Receiving disability payments is more difficult than one might think

To catch you up, I received short term disability payments through my employer over the summer. After an initial denial of my claim, I appealed the decision and eventually was approved based on a suspected diagnosis (and the pulling of strings of top executives in the company). With long term disability, I have not been so lucky. My initial claim was denied because they did not see sufficient evidence in my medical record to prove that I am, in fact, disabled.

Let me tell you, this is a very disheartening event–to have an insurance company extract quotes from medical records that “prove” I am qualified physically to work. Infuriating and insulting is more like it.
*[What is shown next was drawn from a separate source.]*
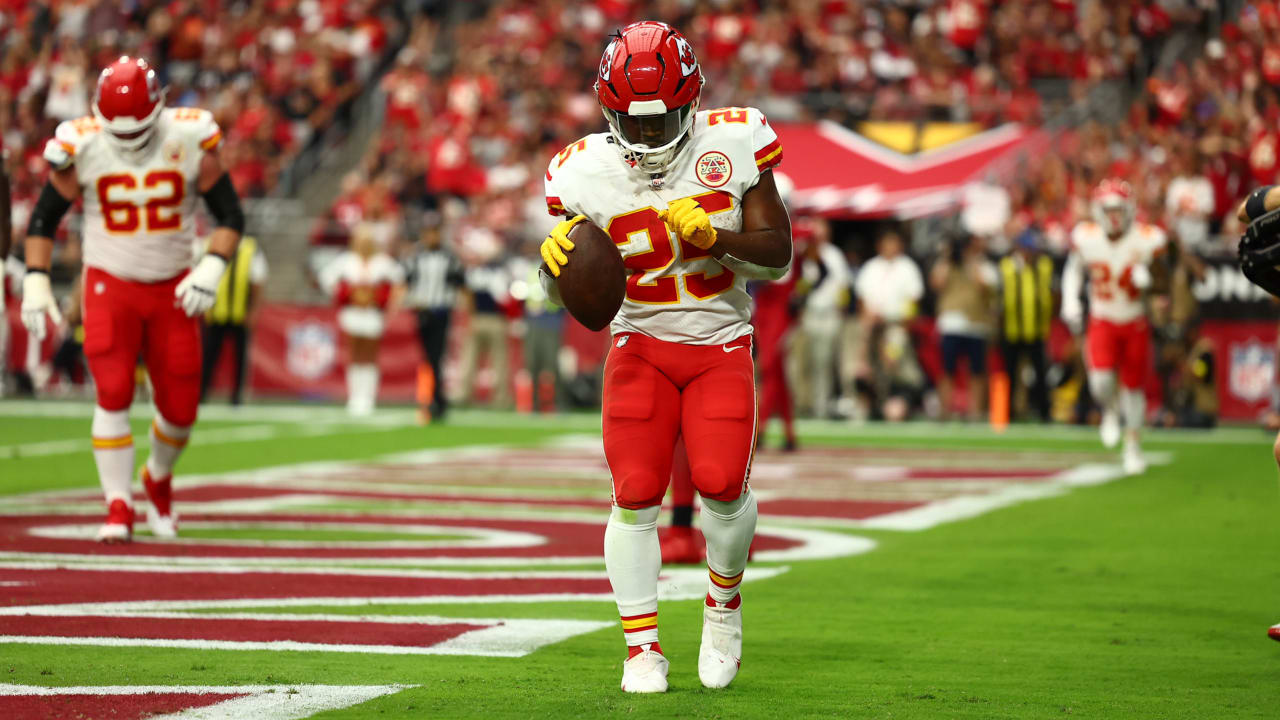TOUCHDOWN: Clyde Edwards-Helaire Catches Patrick Mahomes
They included one quote from my cardiologists note that stated on July 30, 2012 this doctor states “she is alert and oriented.” Ok, insurance company. Just because you can recall the date and know what type of building you are in does not mean that you can work 12 hour shifts as a nurse. They also decided to ignore the rest of the note which states that every time I stand up, my heart rate skyrockets to 170 and I have episodes of near syncope.

They extracted another statement from my neurologist that said that the small fiber biopsies were normal and negative for demyelination. But, what they failed to research is the fact that you don’t need small fiber biopsies to be positive to diagnose autonomic failure or dysfunction. They decided to ignore that fact as well.
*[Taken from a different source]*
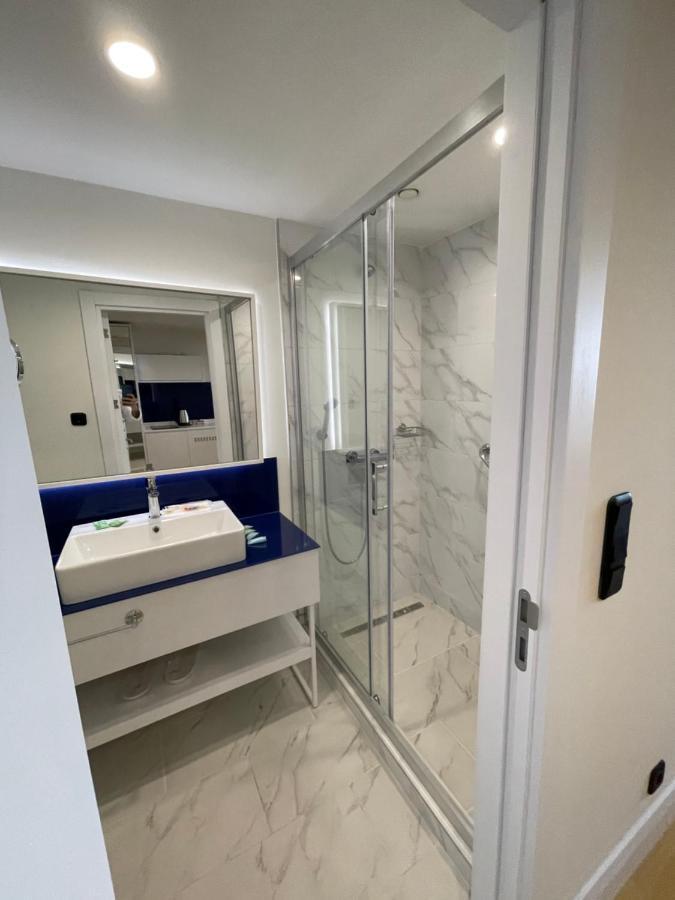 Orbi City Suite Batumi Bagian luar foto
I had my cardiologist fill out the physical capability form for the disability claim because he is closely following my case. He clearly stated that I cannot stand, lift, or walk. My physical capabilities are limited to activities of daily living only. Surprisingly, there was no mention of this document at all in the denial letter.

All this being said, I am currently in the process of appealing the decision. This could take up to 6 months. The worst part about all these minor details is that I am sick. I have no energy to sit up and research the policies, obtain all my medical records, call lawyers, etc. It seems almost impossible. But, I press on.

I will lose my employment officially next month–which means I will lose my health insurance. There is always COBRA, but without disability payments, that will deplete my savings quickly. Even with disability payments, I won’t be able to cover my rent, expenses, COBRA payments, or medical bills. It is also possible that I will be receiving treatment in the near future–an infusion that costs $10,000 a bottle. Five infusions in a treatment session, repeated every 6 weeks to 2 months until you are better.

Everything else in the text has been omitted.